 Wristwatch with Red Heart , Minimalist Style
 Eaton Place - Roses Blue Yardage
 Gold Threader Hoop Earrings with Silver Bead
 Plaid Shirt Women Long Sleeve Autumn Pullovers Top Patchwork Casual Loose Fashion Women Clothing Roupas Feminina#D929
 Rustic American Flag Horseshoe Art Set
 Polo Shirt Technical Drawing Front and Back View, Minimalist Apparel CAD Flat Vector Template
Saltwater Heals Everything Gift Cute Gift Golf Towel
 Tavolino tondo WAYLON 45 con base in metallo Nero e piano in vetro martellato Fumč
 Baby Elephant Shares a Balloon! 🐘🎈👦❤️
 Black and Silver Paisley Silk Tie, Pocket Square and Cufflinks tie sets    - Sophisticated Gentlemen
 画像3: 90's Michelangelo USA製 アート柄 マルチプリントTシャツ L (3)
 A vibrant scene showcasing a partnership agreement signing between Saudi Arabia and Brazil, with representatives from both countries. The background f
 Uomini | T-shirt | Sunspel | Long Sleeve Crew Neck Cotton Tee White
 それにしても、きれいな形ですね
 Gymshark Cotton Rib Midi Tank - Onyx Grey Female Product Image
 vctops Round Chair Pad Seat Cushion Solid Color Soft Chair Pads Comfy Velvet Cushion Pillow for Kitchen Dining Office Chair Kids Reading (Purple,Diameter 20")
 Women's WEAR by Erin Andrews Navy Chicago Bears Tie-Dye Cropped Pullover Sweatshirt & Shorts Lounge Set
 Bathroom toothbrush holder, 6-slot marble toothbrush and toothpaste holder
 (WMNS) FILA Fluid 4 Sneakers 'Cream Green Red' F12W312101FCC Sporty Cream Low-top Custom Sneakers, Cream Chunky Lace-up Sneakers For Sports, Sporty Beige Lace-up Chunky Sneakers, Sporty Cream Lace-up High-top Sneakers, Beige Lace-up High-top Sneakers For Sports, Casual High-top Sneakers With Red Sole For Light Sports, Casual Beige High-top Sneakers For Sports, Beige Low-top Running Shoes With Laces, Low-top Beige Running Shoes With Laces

=-=-=

Where the word "Sleeve" shows up in a line of the listing, return that line.

 Plaid Shirt Women Long Sleeve Autumn Pullovers Top Patchwork Casual Loose Fashion Women Clothing Roupas Feminina#D929
 Uomini | T-shirt | Sunspel | Long Sleeve Crew Neck Cotton Tee White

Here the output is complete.